-------- Task input --------

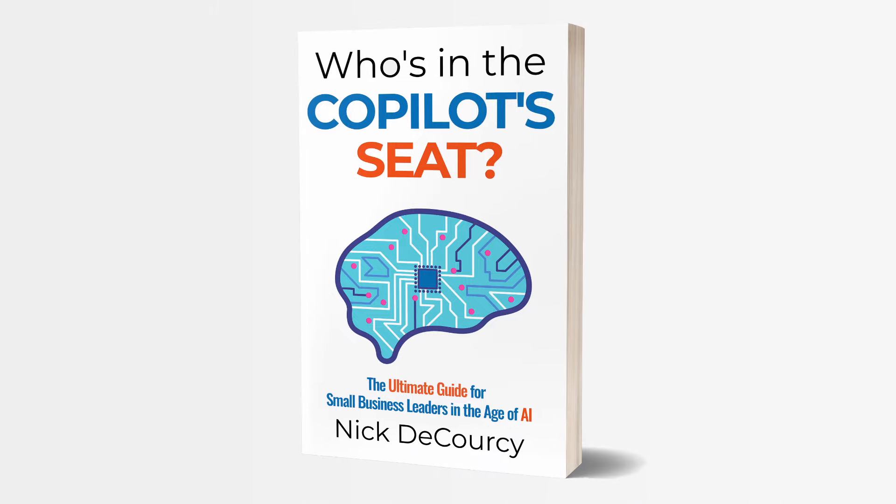The demos you see in this video have been made with demo accounts, and you're never seeing anyone's private information. My name is Nick DiCorsi. I'm the owner of Bright Ideas Agency, a digital transformation consulting company focused on the needs of smaller businesses. If you're interested in working with me, or you'd like to learn more about my book on AI adoption for small and medium-sized business leaders, 'Who's in the Co-pilot Seat', check out the links below.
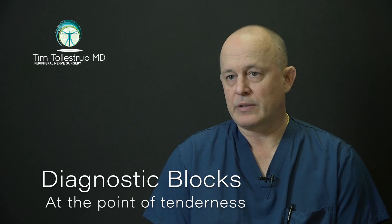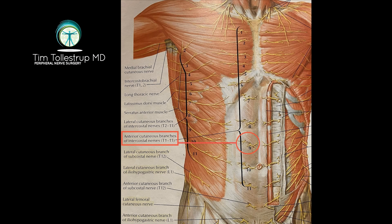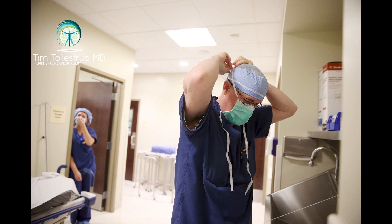I had her come see me in Las Vegas and set her up for some diagnostic blocks. She got a great result with just some local anesthetic right at the point of tenderness. The pathology in anterior cutaneous nerve entrapment syndrome is the terminal branch of the intercostal nerve where it pierces through the anterior rectus fascia getting scarred down or stuck in that spot, so when the patient is bending, twisting, or running, that nerve is being stretched.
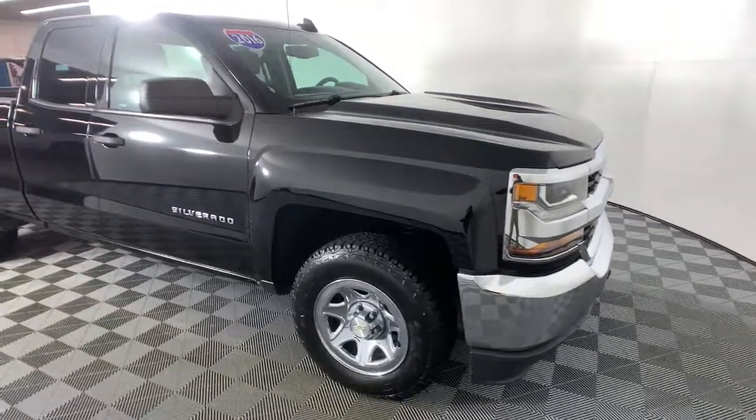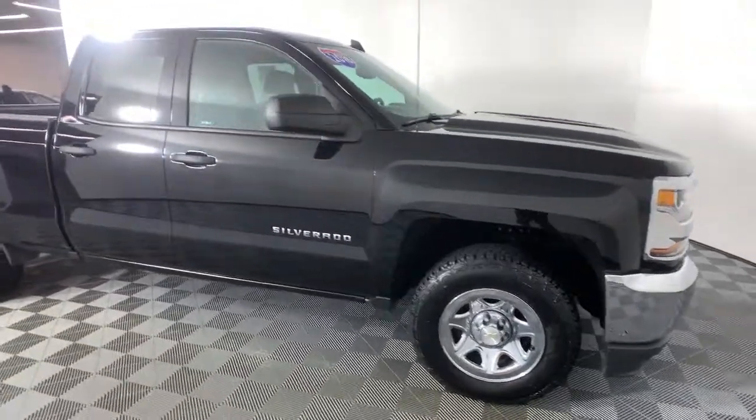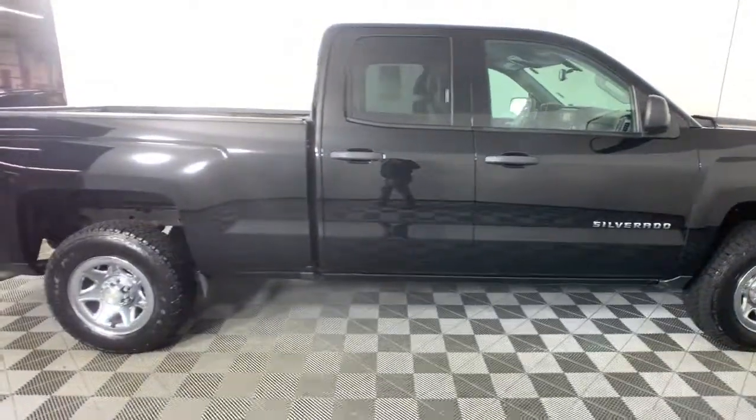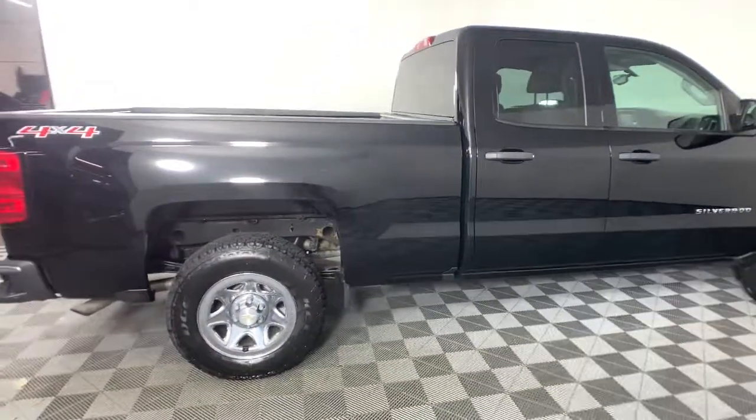Hop into the 2016 Chevrolet Silverado 1500. This vehicle still has fewer than 70,000 miles on the clock, so it won't last long.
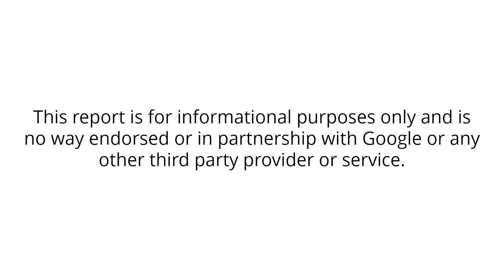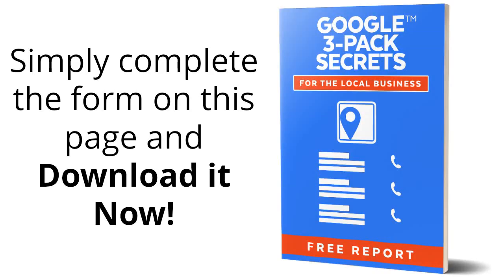This report is for informational purposes only and is in no way endorsed or in partnership with Google or any other third-party provider or service. Simply complete the form on this page and download it now.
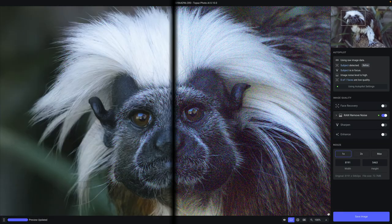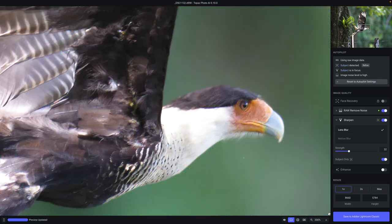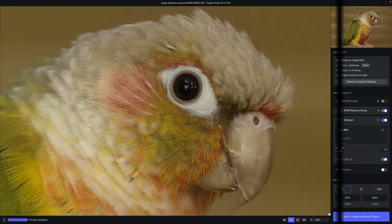We just launched Topaz Photo AI, which helps you achieve maximum image quality on autopilot. Correct soft focus, motion blur, heavy noise, and low resolution effortlessly with the help of AI.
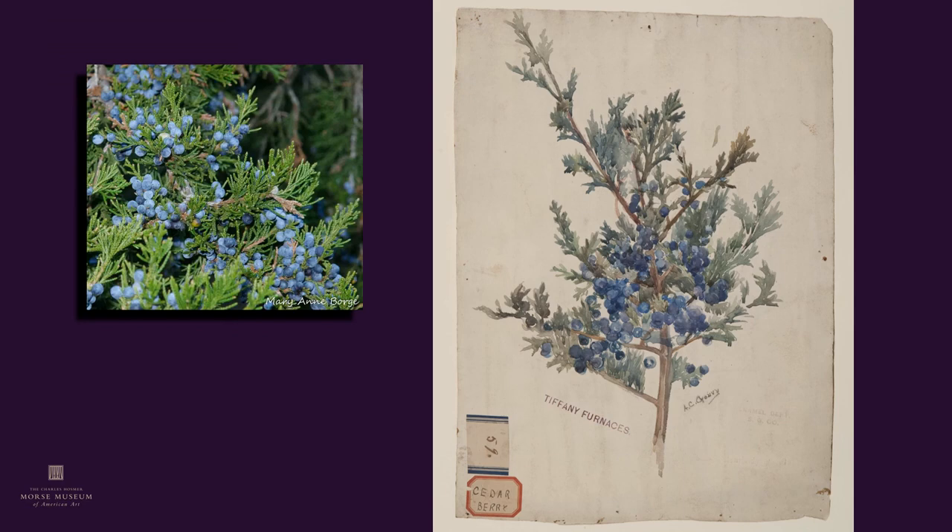When seen next to the actual variety in nature, it's easy to appreciate the talents of the artist, as Goovey has managed to capture the gray coating of the berries in her depiction of cedar berries.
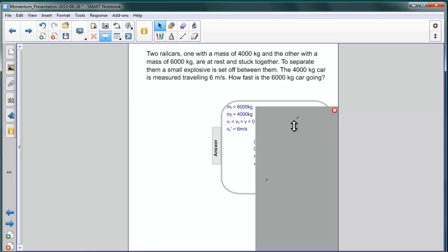We go straight to the expression for conservation of momentum in an explosion. The sum of the two masses of the two objects that are stuck together times their common velocity before is equal to the sum of the momenta after the explosion. The initial velocity of both was zero, so we have zero equals M1 V1 prime plus M2 V2 prime.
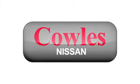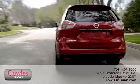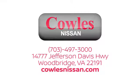You're not just a number at Kohl's Nissan, you're a family member. We work hard to make owning a new vehicle easy, fun, and affordable. We're conveniently located at 14777 Jefferson Davis Highway in Woodbridge.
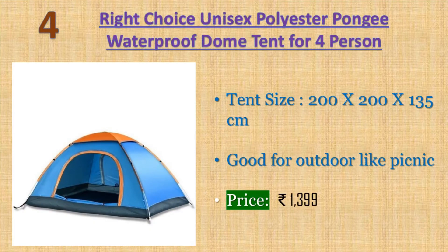Number four: Right Choice unisex polyester waterproof dome tent for four persons, with bag. Constructed with durable polyester fabric wall and roof with silver polyurethane and shock corded fiberglass pole frame. The large front entrance is equipped with a two-way zipper mesh closure and zippered storm flaps — a must-have for all your outdoor trips. Price: 1399 rupees.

--------

▸ **Work required**
Leaving out every picture, copy exactly the lines from the one that contains "You're not just" through the end of the entries above.

▸ **Response to the exercise**
You're not just a number at Kohl's Nissan, you're a family member. We work hard to make owning a new vehicle easy, fun, and affordable. We're conveniently located at 14777 Jefferson Davis Highway in Woodbridge.
Number four: Right Choice unisex polyester waterproof dome tent for four persons, with bag. Constructed with durable polyester fabric wall and roof with silver polyurethane and shock corded fiberglass pole frame. The large front entrance is equipped with a two-way zipper mesh closure and zippered storm flaps — a must-have for all your outdoor trips. Price: 1399 rupees.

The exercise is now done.